Naa'imur Zakariyah Rahman (20) allegedly planned to launch a bomb attack on the security gates outside Downing Street before detonating a suicide vest in Number 10 in a bid to kill Mrs May.
Mr Rahman has been charged with preparing acts of terrorism and will appear in court alongside Mohammed Aqib Imran (21), who is accused of trying to join Isil.
Mr Rahman, of north London, and Mr Imran, of south-east Birmingham, were arrested by officers from the Met's Counter Terrorism Command on Tuesday, November 28.
Both men appeared at Westminster Magistrates' Court yesterday and were remanded in custody. Details of the alleged terror plot were set out to Cabinet members on Tuesday during a briefing by Andrew Parker, the head of MI5. Mr Parker revealed that British intelligence had foiled nine terror plots in the past 12 months.
The disclosures about the charges came just hours after an official report into the Manchester terror attack revealed that the suicide bomber had been flagged for closer scrutiny by security services and that the atrocity could have been averted "had the cards fallen differently".
MI5 investigators misinterpreted intelligence on Salman Abedi earlier this year and it was disclosed his case was due to be discussed at a meeting scheduled for nine days after his May attack at the Manchester Arena.
Internal reviews into the police and MI5's handling of the four terrorist attacks in Britain this year also revealed one of the London Bridge attackers had been under active investigation by the security Service.
The Westminster Bridge attacker, Khalid Masood, had also watched suicide attack videos on YouTube in the days before he carried out his assault.
David Anderson QC, a former terrorism law reviewer asked by the British Home Secretary Amber Rudd to independently check the secret internal reviews, said they were "no cause for despair" and that most attack plots continued to be broken up.
In response to his report, Ms Rudd said the blame for the attacks "lies squarely" with the terrorists.
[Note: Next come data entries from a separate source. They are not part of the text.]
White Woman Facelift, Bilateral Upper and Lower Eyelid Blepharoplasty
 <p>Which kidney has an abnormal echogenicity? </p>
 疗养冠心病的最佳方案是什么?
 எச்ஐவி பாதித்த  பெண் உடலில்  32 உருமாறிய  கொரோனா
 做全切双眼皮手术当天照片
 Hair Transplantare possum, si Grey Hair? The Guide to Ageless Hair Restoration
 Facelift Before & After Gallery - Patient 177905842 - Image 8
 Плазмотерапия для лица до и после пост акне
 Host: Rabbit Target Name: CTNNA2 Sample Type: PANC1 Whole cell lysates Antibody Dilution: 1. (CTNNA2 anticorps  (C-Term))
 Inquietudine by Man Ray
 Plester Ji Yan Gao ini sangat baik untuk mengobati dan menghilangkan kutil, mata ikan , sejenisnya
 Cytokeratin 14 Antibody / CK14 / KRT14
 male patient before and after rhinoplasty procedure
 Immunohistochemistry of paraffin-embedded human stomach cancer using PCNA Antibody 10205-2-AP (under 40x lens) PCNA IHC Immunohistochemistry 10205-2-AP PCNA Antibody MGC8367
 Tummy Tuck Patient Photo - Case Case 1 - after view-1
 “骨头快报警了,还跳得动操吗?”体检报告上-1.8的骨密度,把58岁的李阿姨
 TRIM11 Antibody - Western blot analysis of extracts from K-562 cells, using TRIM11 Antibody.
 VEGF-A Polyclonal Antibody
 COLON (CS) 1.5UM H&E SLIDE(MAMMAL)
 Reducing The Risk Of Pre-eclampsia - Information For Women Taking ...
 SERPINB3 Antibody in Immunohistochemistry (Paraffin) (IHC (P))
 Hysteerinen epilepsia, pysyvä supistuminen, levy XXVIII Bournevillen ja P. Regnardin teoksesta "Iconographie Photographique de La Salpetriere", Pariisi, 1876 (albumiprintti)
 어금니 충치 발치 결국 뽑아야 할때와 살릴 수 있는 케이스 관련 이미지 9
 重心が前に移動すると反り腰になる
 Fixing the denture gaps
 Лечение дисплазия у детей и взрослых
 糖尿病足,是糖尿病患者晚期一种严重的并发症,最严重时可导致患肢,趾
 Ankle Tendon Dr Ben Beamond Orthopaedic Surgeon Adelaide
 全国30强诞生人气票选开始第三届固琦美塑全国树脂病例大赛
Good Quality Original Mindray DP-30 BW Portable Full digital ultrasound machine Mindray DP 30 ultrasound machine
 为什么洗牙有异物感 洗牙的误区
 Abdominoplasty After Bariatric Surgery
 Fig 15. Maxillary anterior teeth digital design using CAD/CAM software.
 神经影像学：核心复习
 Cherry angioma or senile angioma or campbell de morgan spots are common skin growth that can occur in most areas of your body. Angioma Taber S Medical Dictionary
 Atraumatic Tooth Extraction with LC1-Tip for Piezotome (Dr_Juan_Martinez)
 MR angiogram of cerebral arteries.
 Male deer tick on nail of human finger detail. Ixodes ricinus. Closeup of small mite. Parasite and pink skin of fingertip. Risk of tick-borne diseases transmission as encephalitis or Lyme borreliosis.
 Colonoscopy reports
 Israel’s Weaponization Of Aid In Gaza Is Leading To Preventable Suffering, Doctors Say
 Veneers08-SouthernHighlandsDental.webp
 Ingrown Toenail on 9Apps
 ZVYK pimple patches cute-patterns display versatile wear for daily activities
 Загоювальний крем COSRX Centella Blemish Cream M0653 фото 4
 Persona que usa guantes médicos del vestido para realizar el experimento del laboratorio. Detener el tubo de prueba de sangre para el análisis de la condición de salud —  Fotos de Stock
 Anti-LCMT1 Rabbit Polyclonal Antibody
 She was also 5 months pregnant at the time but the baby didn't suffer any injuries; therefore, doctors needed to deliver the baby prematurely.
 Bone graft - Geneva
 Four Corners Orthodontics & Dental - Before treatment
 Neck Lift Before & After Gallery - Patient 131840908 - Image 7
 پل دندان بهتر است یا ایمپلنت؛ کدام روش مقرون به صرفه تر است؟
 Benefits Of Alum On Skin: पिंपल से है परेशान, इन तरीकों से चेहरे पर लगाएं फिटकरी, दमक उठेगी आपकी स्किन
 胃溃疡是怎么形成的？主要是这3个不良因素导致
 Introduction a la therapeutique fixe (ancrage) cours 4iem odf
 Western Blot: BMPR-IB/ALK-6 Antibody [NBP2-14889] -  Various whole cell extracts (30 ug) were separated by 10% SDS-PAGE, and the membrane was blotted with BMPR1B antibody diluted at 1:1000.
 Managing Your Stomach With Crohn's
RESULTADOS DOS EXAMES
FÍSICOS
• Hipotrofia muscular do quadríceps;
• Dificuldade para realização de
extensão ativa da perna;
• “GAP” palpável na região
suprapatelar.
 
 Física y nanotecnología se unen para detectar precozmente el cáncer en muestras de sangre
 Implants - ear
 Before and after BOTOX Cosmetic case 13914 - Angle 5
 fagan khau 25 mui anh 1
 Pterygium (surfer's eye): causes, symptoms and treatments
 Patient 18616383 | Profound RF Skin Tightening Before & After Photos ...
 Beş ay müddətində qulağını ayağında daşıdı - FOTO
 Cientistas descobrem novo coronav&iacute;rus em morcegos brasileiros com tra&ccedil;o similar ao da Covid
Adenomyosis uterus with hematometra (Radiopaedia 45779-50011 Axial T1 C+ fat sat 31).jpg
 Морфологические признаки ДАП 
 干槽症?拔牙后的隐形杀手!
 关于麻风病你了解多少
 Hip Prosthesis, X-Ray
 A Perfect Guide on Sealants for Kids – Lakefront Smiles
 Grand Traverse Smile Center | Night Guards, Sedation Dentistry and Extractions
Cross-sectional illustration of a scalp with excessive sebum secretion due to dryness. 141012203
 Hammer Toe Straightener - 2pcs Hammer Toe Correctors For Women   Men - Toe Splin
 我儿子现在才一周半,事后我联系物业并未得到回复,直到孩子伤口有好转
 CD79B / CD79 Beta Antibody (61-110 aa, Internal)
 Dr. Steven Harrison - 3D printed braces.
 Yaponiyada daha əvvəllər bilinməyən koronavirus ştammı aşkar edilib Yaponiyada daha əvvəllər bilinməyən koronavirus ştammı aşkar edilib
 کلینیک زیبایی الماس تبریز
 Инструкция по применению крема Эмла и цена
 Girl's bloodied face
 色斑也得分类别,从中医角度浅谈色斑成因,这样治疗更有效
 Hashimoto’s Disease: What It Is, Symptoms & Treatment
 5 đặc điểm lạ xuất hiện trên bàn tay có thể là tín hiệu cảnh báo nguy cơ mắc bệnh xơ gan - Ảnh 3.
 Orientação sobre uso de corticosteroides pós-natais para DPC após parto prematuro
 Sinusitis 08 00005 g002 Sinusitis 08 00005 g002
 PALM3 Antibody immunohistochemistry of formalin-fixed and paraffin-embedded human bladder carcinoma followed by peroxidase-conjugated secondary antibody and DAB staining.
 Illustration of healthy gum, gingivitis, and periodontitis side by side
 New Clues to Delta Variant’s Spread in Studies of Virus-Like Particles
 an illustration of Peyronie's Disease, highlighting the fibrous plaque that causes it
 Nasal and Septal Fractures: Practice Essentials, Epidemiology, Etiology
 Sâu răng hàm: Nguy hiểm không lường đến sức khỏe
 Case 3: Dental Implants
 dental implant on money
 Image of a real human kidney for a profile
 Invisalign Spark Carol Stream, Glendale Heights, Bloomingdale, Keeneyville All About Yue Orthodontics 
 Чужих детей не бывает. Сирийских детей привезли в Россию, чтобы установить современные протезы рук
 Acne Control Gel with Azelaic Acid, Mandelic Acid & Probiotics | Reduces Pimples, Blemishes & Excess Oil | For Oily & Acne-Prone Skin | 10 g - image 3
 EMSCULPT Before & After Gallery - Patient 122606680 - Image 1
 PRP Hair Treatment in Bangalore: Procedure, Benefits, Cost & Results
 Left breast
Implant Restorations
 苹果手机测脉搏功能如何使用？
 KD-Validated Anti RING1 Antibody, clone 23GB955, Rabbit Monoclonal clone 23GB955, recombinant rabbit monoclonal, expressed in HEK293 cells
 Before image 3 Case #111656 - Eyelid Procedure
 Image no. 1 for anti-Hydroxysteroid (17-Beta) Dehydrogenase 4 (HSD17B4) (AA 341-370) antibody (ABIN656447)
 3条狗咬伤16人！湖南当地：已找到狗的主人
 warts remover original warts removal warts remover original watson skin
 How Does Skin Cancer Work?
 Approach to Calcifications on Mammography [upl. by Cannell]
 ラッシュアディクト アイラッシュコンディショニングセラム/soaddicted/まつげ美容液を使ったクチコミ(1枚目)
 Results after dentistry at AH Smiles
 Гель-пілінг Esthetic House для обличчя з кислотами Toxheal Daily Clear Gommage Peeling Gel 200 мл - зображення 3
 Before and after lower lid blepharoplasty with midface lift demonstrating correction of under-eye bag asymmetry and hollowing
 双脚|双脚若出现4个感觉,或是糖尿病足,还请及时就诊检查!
The reviews found that 22-year-old Abedi had previously been a MI5 suspect, but was not under active investigation.
In advance of the attack, officers had on two separate occasions received unspecified intelligence on him "whose significance was not fully appreciated at the time" and which could have led to his case being reopened.
"In retrospect, the intelligence can be seen to have been highly relevant to the planned attack," the report said.
Mr Anderson concluded that while it was "unknowable" if reopening the investigation would have thwarted Abedi, it was "conceivable that the Manchester attack in particular might have been averted had the cards fallen differently".
Between March and June, London and Manchester experienced four attacks killing a total of 36 people and wounding another 200. Abedi had first become an MI5 "subject of interest" in 2014, but it transpired he had been mistaken for someone else and his case was closed. It was reopened the following year on mistaken intelligence that he had contacted an Isil figure in Libya.
But though his case remained closed from that point, Abedi "continued to be referenced from time to time in intelligence gathered for other purposes. In two separate instances before the attack, intelligence was received that related to "possible non-nefarious activity or to criminality".
An automated trawl of suspects' data designed to spot closed cases that may need re-examining identified him as one of fewer than 100 individuals "out of a total of more than 20,000 closed subjects of interest, who merited further examination".